自民党の憲法改正案の中には、憲法第24条の改正も含んでいます。
 そこで、世界の国の女性や家族に関する規定を少し調べて見ました。そうすれば世界の水準というものが見えてくるかもしれないと思いました。
 とは言っても、「解説世界憲法集」(三省堂)や「世界憲法集」(岩波文庫:初版・第2版)の範囲内ですから、たいしたことありませんが。

A)アメリカ合衆国
 現行の合衆国憲法は1788年に成立し、その後は修正○条として存在しています。
 修正19条には「合衆国市民の選挙権は、合衆国またはいかなる州も性別を理由として、これを否定しまたは制約してはならない」というものがありますが、これは1920年に成立しています。これだけしかありません。日本国憲法14条に該当するような条項もないようです。

B)フランス1958年憲法
 現行のフランス憲法は、第5共和国憲法またはドゴール憲法とも言われ、1958年に成立していますが、この中には明文で性差別を禁止する条項はまったくありません。
 但し、前文では「フランス人民は、1789年宣言により規定され、1946年憲法前文により確認かつ補完された人の諸権利と国民主権の諸原理に対する至誠、及び2004年環境憲章により規定された権利と義務に対する至誠を厳粛に宣言する」とあります。
 ご存じのように1789年のいわゆる人権宣言は男性に限定された宣言で、女性は埒外だったので、1946年憲法の前文にて「法律はあらゆる領域において、女性に男性と平等な権利を保障する。」「国は個人と家族にその発展に必要な諸条件を保障する」などと規定されました。これらの規定は「前文」ですが、「憲法院が前文で言及された人権文書を根拠にして法律の審査をするに至り、1789年の人権宣言や第4共和国憲法前文が憲法的効力をもつ規定としてよみがえった」ということです。

C)ロシア連邦憲法
 1945年当時はロシアはソビエト社会主義共和国連邦で、1936年に制定されたいわゆるスターリン憲法でしたが、1977年には改編されました。

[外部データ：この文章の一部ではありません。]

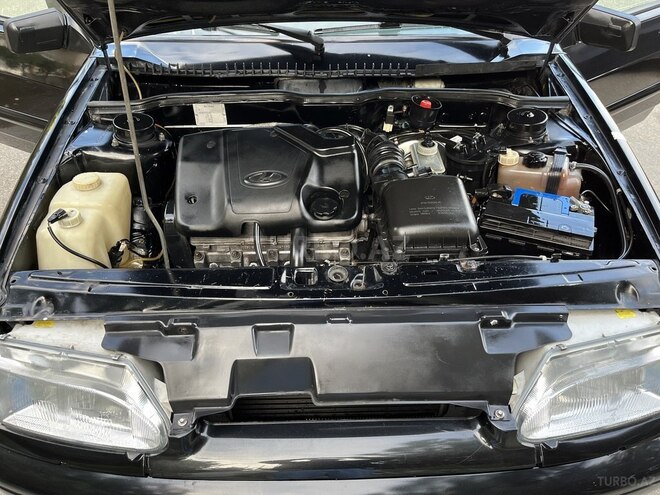 LADA (VAZ) 2115 2009, 370,000 km - 1.6 l - Sumqayıt
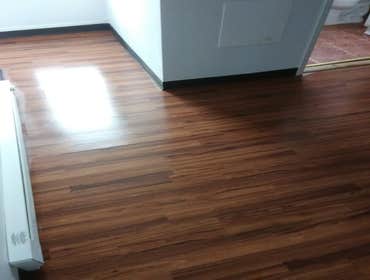 Photos by Tdv Construction #1 Lay ceramic tile flooring and tile tub surround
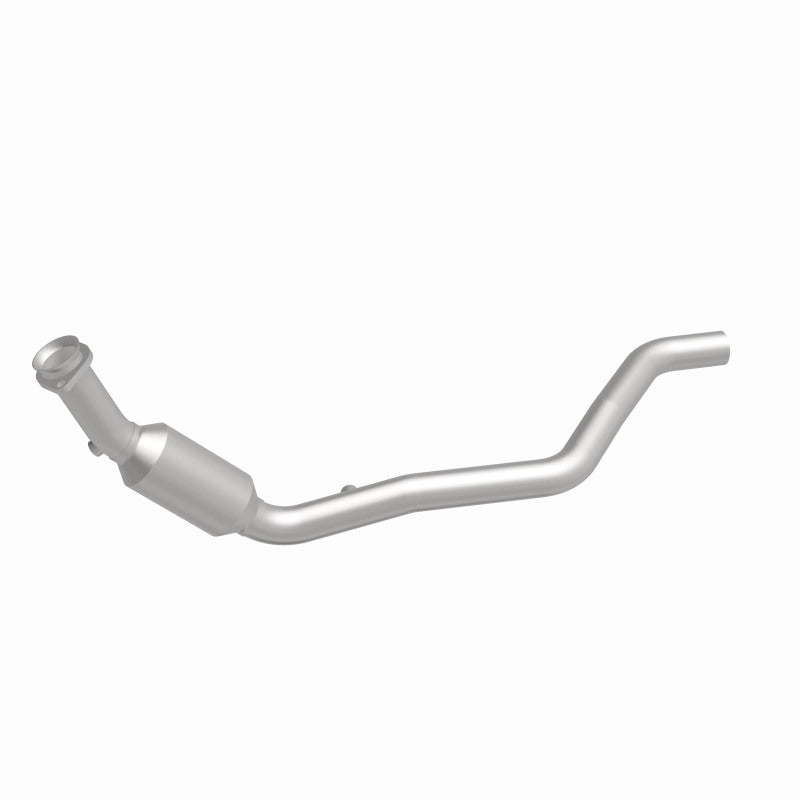 t 1997-98 Buick Skylark CARB Compliant Direct-Fit Cat Converter 4481467 Magnaflow MagnaFlow Exhaust Products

1991年12月現在のロシア連邦が成立し、憲法は1993年12月に国民投票にて決定されました。ソビエト当時の憲法ではその第1条にて、「労働者、農民およびインテリゲンチャ、国のすべての民族および民族的集団の勤労の意思と利益を表現する、社会主義的全人民国家である」と規定されていましたが、現行のロシア憲法第1条では、「ロシア連邦は共和制の統治形態をとる民主的な連邦制法治国家である」と規定されており、もはや社会主義を取らないことは明らかです。
女性や家族に関する条項を見てみます。

第7条
 ① ロシア連邦は社会国家であり、その政策は相応な生活と人間の自由な発展を保障する条件を創り出すことを目的としている。
 ② ロシア連邦では労働と人々の健康が保護され、最低労働賃金が保障され、家族、母性、父性、児童、障害者および高齢者への国家による支援が保障され、社会的サービスの制度が展開され、なおかつ国家による年金、扶助およびその他の社会的な保護が設けられる。

第19条
 ① すべての者は法律および裁判所の前に平等である。
 ② 国家は性別、人種、民族、言語、出身、財産および職務上の地位、居住地、宗教へのかかわり、信条、社会団体への帰属、ならびにその他の状況にかかわらず、人および市民の権利と自由を保障する。社会的、人種的、民族的、言語的または宗教的な帰属を指標とした市民の権利の制限はいかなるものであれ、禁止される。
 ③ 男性と女性は同等な権利を有し、その行使において同等な可能性を有する。

第38条
 ① 母性および児童、家族は国家の保護下にある。
 ② 児童とその養育への配慮は両親の平等な権利であり、かつ義務である。
 ③ 18歳に達した労働能力のある子は、労働能力のない両親に配慮しなければならない。

D) 中華人民共和国憲法
 この国は1949年にできました。現行憲法は1982年12月に公布、施行されました。この憲法の「序言」には中国が社会主義を取っていることを鮮明にし、「国家の根本任務は中国的特色の社会主義の道に沿って力量を集中して社会主義現代化建設を進めることにある」と明記しています。
女性や家族に関する規定はこのようになっています。

第48条
 ① 中華人民共和国の女性は政治、経済、文化、社会および家族の生活等の各方面において男性と平等の権利を享有する。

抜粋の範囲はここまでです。